In the meantime, it was leaked that the Fed would, at minimum, initiate a “Twist” program. This program would sell about $400 billion of short-term treasuries and buy $400 billion of long-term treasuries in order to drive down long-term interest rates and help the housing industry refinance. This program would not increase the money supply (sell 400, buy 400) so it would not help re-inflate GDP or the markets. In fact, Since QE2 ended, money supply would actually contract because he did not replace the $600 billion in new money he printed for QE2. As you know, contraction takes away from GDP and thus the markets.

By the way, by itself, “Twist” will not help the housing situation either.
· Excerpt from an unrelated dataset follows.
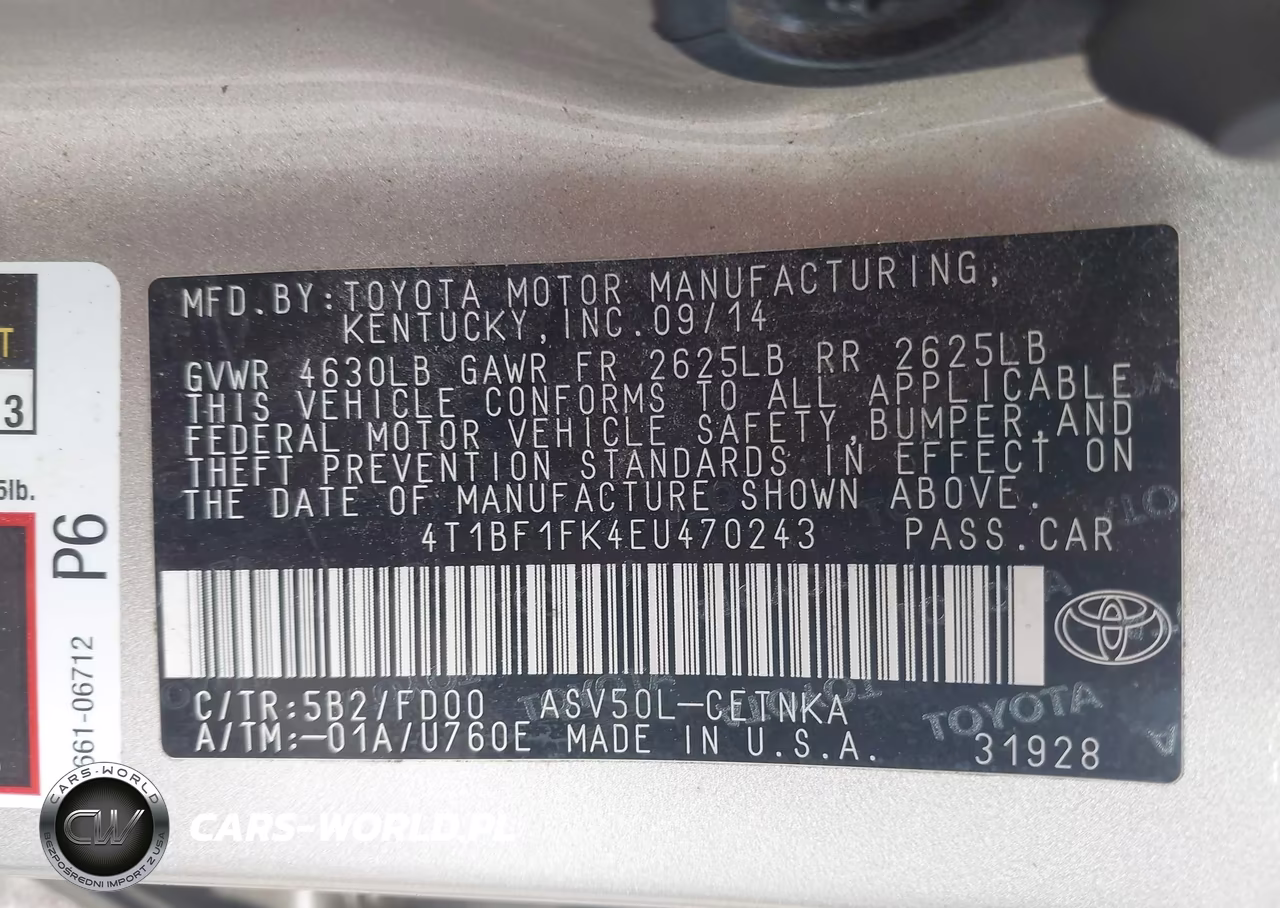 2014 Toyota Camry Le VIN:4T1BF1FK4EU470243 - 9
It will also cause the yield curve to flatten (not much difference in interest rates between two year bonds and 30 year bonds) which takes the profits out of lending.

Many thought, me included, that the Fed would “surprise” the markets with additional easing or money printing. For example, stop paying banks interest for excess reserves held at the Fed which would force the banks back into the lending business. Also, to push additional money into the financial system to cause inflation (help GDP, help the markets, reduce value of the dollar to help with exports.)

On Wednesday, the surprise was that the Fed did not agree to create more money. Evidently, we have not reached their pain threshold yet. However, within hours of the Fed announcement, European markets began to fall apart again. World GDP growth rates were reduced, including the U.S. So, the question becomes: is this enough pain or do we have to wait until the next Fed meeting in November? Or is the political will to spend more money just not there?

Tuesday, September 20, 2011

The Lack Of Consumer Spending Is The Problem, Right?

Everyone knows that what is causing the recession is the “gap” in consumer spending, Right? That is the explanation according to Keynesian economics and that’s what we have been told. So after spending trillions of dollars trying to fill the consumer spending “gap” and creating $15 trillion in debt; we have been told (Paul Krugman, et.al.) that we just didn’t spend enough.

Great, so we are now about to spend some more on: 1, a new “jobs” bill that will do nothing but add to the debt and accomplish nothing long-term and 2, a new Quantitative Easing Program ( QE3 or money printing) to help the banks and hurt savers.

Printing money does levitate the market, especially when the new printed money goes to banks who can then invest it in the capital markets and in higher paying foreign investments. BUT, consumer spending is not our problem. Here are some numbers from the Bureau of Labor Statistics (dollars in trillions) that prove the point.

Year....................2006 2007 2008 2009 2010
Government
Expenditures...........$4.14 $4.43 $4.73 $4.99 $5.26

Personal
Consumption............$9.52 $10.00 $9.74 $10.34 $10.45

Private Fixed
Investment
(Business
Spending)..............$2.26 $2.26 $2.12 $1.70 $1.72

This is telling us that the real problem is Business Investment. It is down by $539 billion or 23% from the peak in 2007; and running at about 76% of the 2006 level.

Isn’t this the real question: Why are businesses unwilling to invest and grow? Or is all the investment overseas where the business climate is more favorable?